Tibet;
birbiri ardına sıralanmış sarp dağlarıyla, hiçbir yerde görmeye alışık olmadığınız masmavi gökyüzüyle, uzansanız tutabileceğinizi düşündüğünüz bembeyaz bulutlarıyla ve her dağcının hayallerini süsleyen gizemli Everest'iyle dünyanın çatısı sayılıyor. Cosmopolitan dergisi, Tibet ile ilgili merak edilenleri derledi... Her mevsimde farklı güzel olan Tibet'i ziyaret etmek için en uygun zaman Nisan ve Ekim aylarıdır. Ülkede en çok dikkat edilmesi gereken şeylerin başında, gece ile gündüz arasındaki sıcaklık farklılıkları geliyor. Tibet'in başkenti Lhasa, aynı zamanda kutsal bir şehir. Lhasa, 3.500 metrelik rakımıyla La Paz'dan sonra dünyanın en yüksek ikinci başkenti. Lhasa sokakları ilginç manzaralar açısından oldukça zengin. Rengarenk yerel kıyafetler, değişik insan profilleri ve eski Anadolu kasabalarındaki gibi küçük ahşap dükkanlar dikkat çekiyor. Ancak her köşe başındaki Çin askerleri ve sokaklardaki X-ray cihazları, turistleri tedirgin ediyor. Tibet'in ruhani lideri Dalay Lama, 1950 yılında Çin'in Tibet'i işgalinin ardından, 1959 yılında Çin yönetimine karşı başlattığı isyanın başarılı olamaması sonucunda ülkeyi terk edip Hindistan'a yerleşmek zorunda kalmış. Bugün de zaman zaman ayaklanmalar oluyor. O yüzden Tibet'e izinsiz turist alınmıyor. Çünkü Çinliler, bu ayaklanmalara zemin hazırlayanların Batılılar olduğuna inanıyor. Tibet'te yemekler hem hijyen, hem de lezzet açısından tatmin edici değil. Yemeklerde Doğu mutfağının aksine sarımsak ve acı baharatı yok denecek kadar az. Et olarak, daha çok yöreye ait olan Yak eti tüketiliyor. Pirinç pilavı her mönüde yer alıyor. Yak yağı, tuz ve karabiberden oluşan 'butter tea' dedikleri çayları var.
DALAY LAMA'NIN EVİ
Başkent Lhasa'da mutlaka görülmesi gereken yerlerin başında Unesco'nun Dünya Kültür Mirası Listesi'nde yer alan ve Dalay Lama'nın evi olan Potala Sarayı geliyor. Barkhor meydanındaki Jokhang Tapınağı da ziyaret edilmesi gereken mekanlardan. Dünyanın çatısı Everest'e gitmek için Lhasa'dan ayrıldıktan sonra rakım gitgide yükseliyor. Bırakın ormanı, etrafta bir tane ağaç bile görmek zor. Her yer step. Bu manzara içerisinde kıvrıla kıvrıla yol alırken, minyatür gibi duran köylerden ve tepelere kurulmuş rengarenk bir sürü bayraktan oluşan dua geçitlerinden geçiyorsunuz. Yol boyunca sıralanan manastırlardan Palkhor Manastırı ve Tashilhumpo Manastırı'nı mutlaka ziyaret edin. Everest'e ulaştığınızda, sisli zirvesini daha da yakından görebilmek için toplu yürüyüşlere katılabilirsiniz.
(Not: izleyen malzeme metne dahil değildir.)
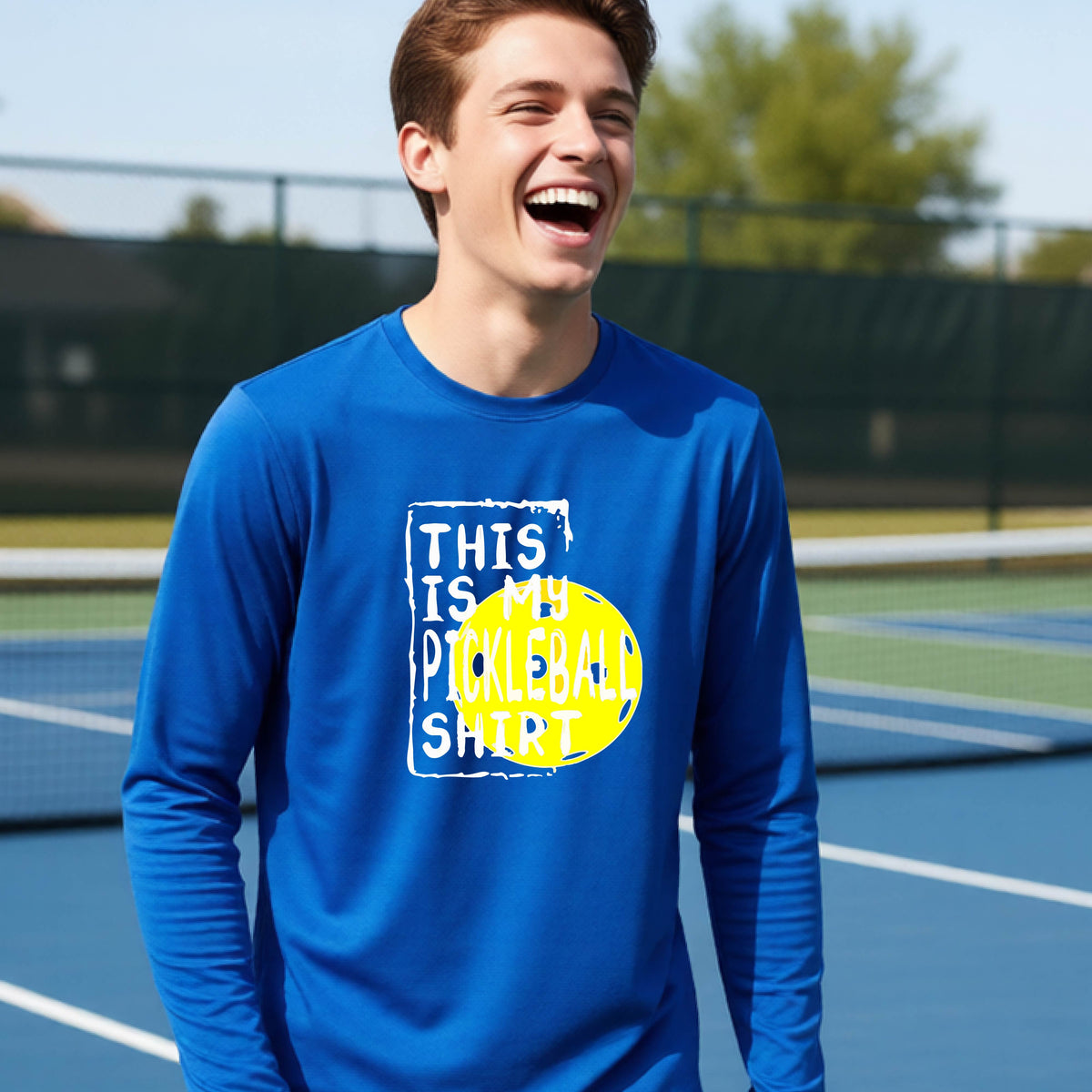 A teenager laughing on an outdoor tennis court wearing a bright blue long-sleeve t-shirt with a graphic that reads 'THIS IS MY PICKLEBALL SHIRT' in white and yellow.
TİBET'E GİRİŞ İÇİN İZİN GEREKİYOR
Tibet'e
gidebilmek için biraz hazırlık yapmak şart. Çin Konsolosluğu'na vize başvurusu yaparken Tibet'e gidileceğinden bahsedilmemesinde fayda var. O zaman işler zorlaşıyor. Çin vizesi aldıktan sonra Tibet'teki yerel bir seyahat acentesi ile anlaşıp tüm seyahatinizi detaylı olarak planlamanız gerekiyor. Ardından yerel seyahat acentesi, bu program ve Çin vizeniz ile sizin adınıza Tibet giriş izni için başvuruyor.